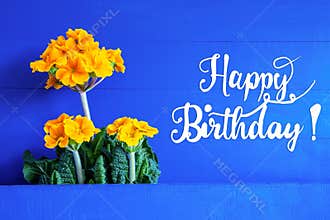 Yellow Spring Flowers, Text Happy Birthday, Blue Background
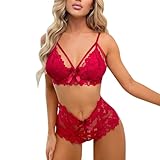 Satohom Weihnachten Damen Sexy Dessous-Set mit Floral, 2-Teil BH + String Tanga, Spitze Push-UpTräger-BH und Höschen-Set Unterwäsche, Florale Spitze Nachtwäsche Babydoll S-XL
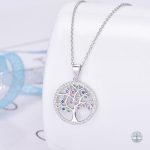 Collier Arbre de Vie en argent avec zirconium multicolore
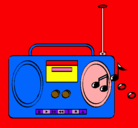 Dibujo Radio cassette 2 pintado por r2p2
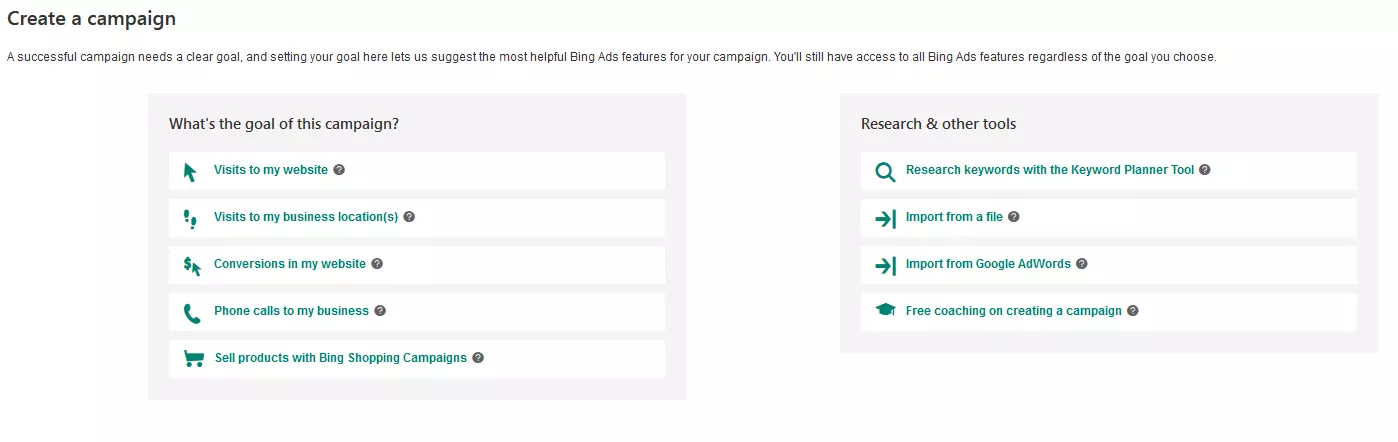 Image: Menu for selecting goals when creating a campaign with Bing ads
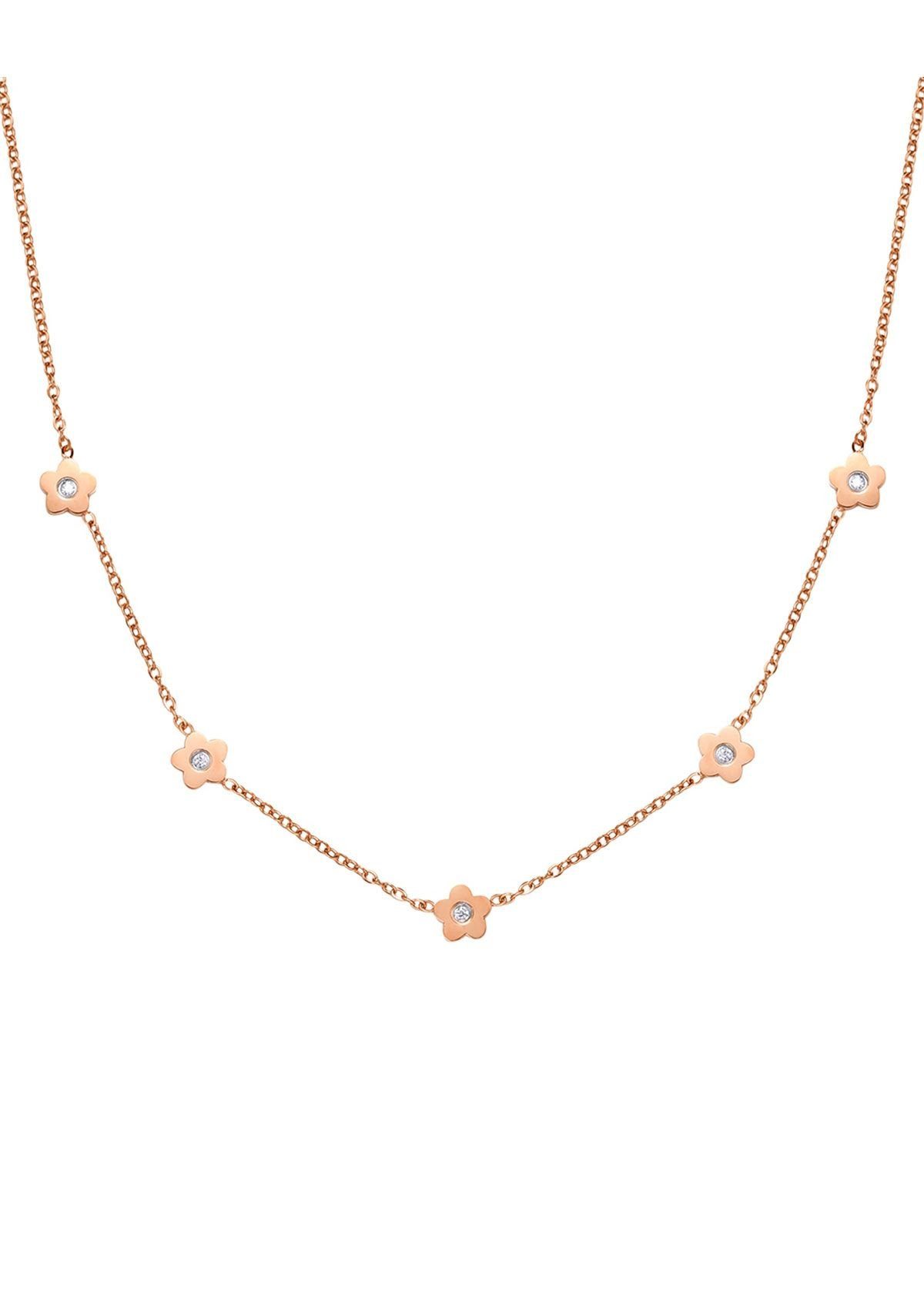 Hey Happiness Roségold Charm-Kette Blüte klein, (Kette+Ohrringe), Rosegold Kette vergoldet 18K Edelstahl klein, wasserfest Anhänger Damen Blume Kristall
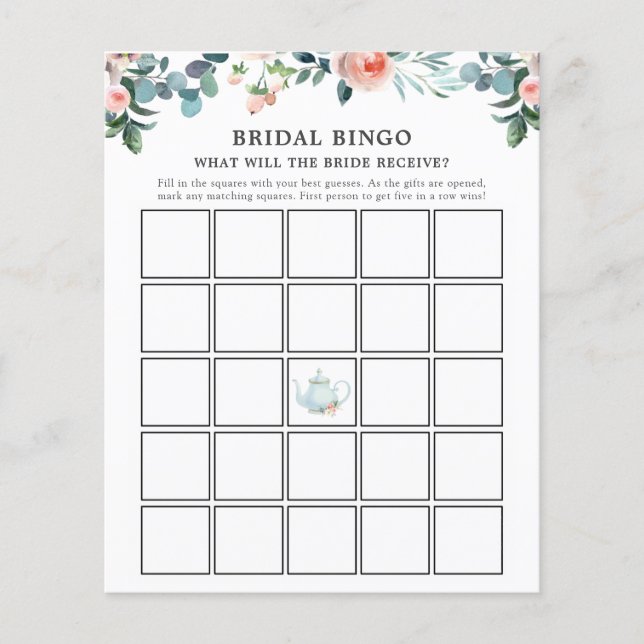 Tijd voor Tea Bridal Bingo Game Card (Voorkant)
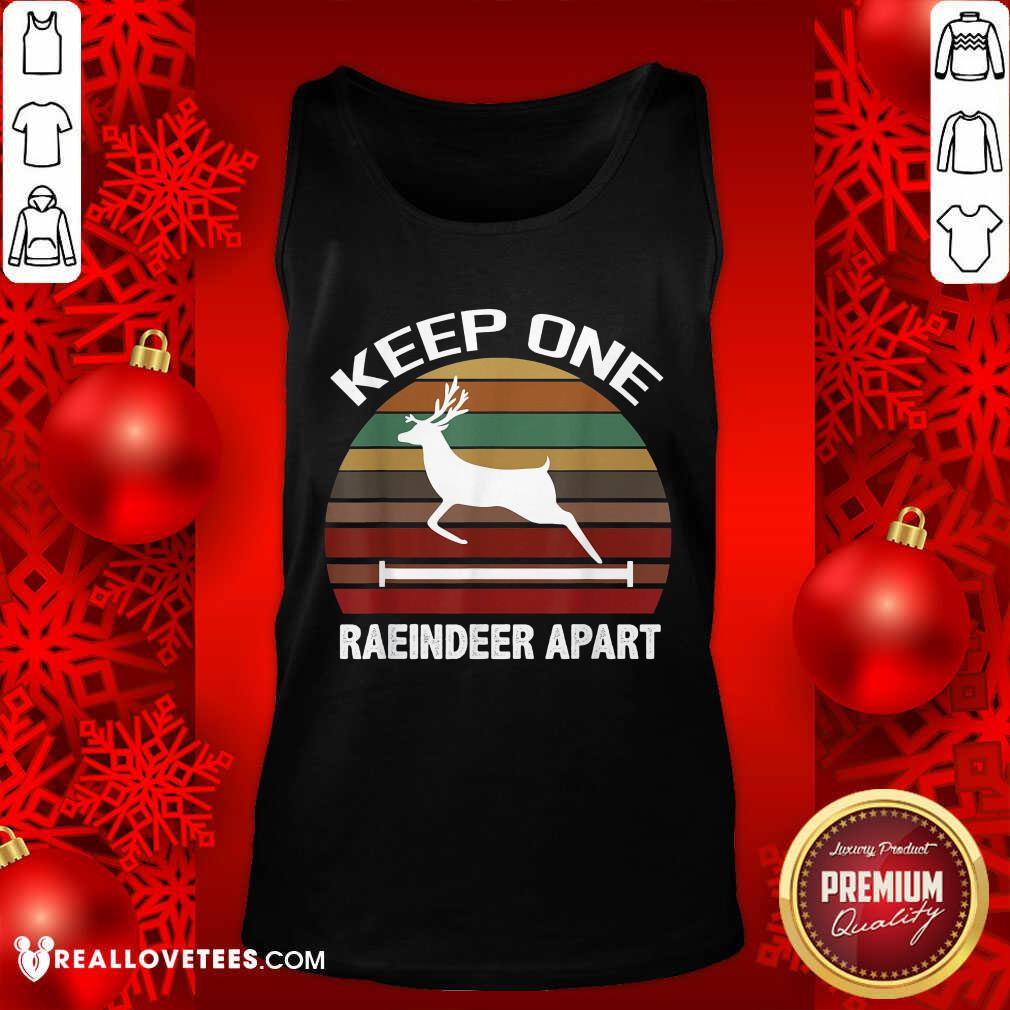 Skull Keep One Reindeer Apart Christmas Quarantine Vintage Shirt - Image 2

* * *

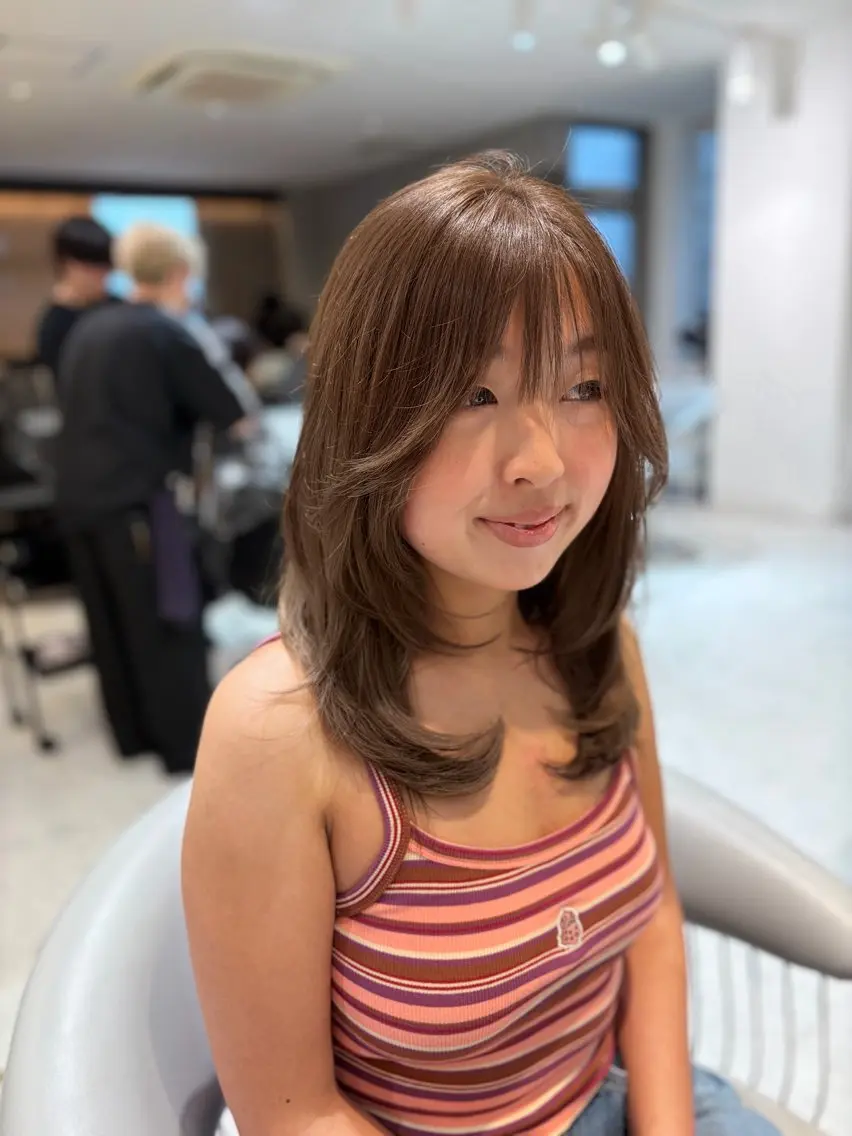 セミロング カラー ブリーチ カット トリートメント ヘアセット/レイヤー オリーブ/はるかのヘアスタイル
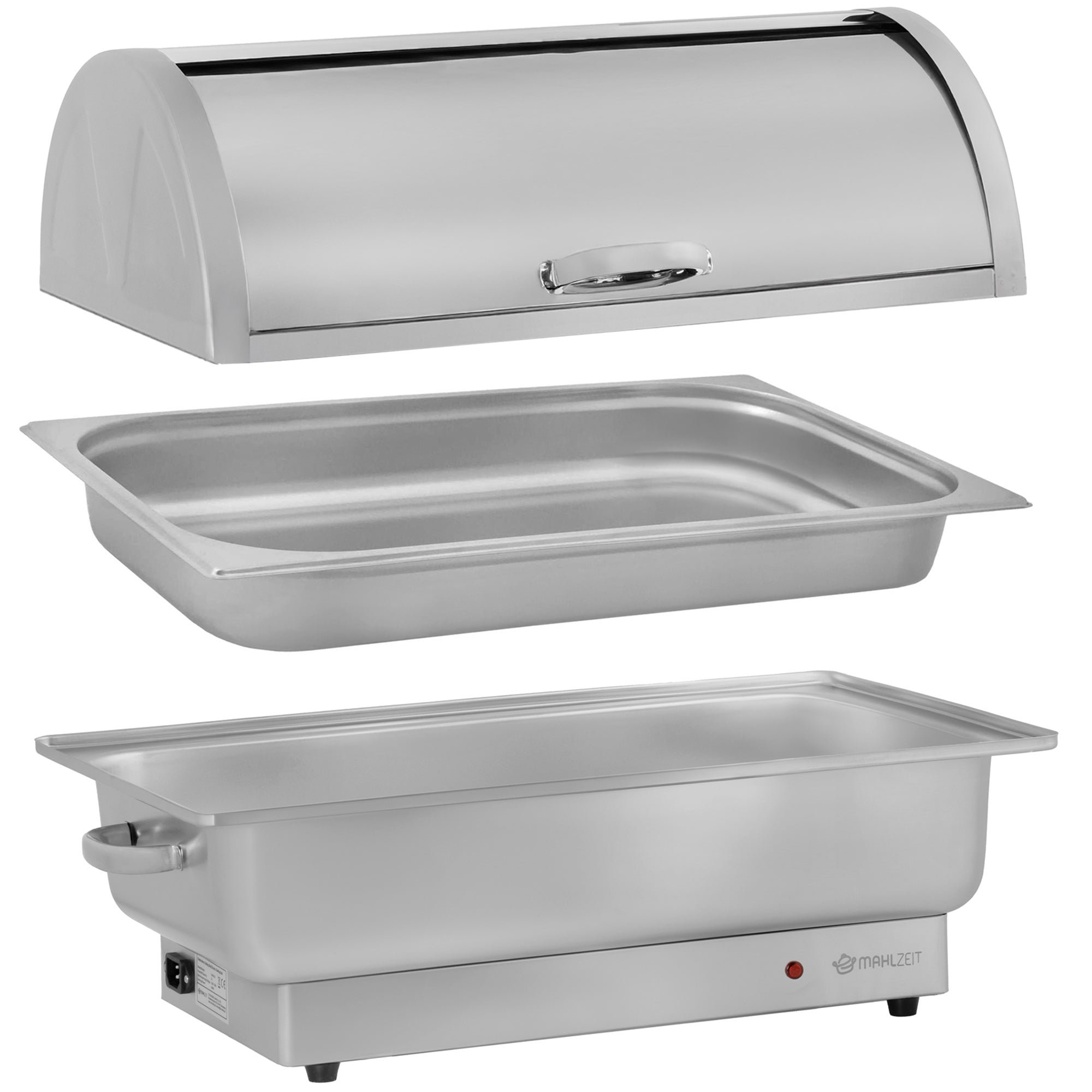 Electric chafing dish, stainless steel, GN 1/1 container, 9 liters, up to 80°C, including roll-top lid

→ **Exercise brief**:
Please set down, exactly and with no pictures, the lines in the entries above starting at the one holding "Yellow Spring Flowers, Text" and ending at the one holding "Skull Keep One", ends included.

→ **Solution**:
 Yellow Spring Flowers, Text Happy Birthday, Blue Background
 Satohom Weihnachten Damen Sexy Dessous-Set mit Floral, 2-Teil BH + String Tanga, Spitze Push-UpTräger-BH und Höschen-Set Unterwäsche, Florale Spitze Nachtwäsche Babydoll S-XL
 Collier Arbre de Vie en argent avec zirconium multicolore
 Dibujo Radio cassette 2 pintado por r2p2
 Image: Menu for selecting goals when creating a campaign with Bing ads
 Hey Happiness Roségold Charm-Kette Blüte klein, (Kette+Ohrringe), Rosegold Kette vergoldet 18K Edelstahl klein, wasserfest Anhänger Damen Blume Kristall
 Tijd voor Tea Bridal Bingo Game Card (Voorkant)
 Skull Keep One Reindeer Apart Christmas Quarantine Vintage Shirt - Image 2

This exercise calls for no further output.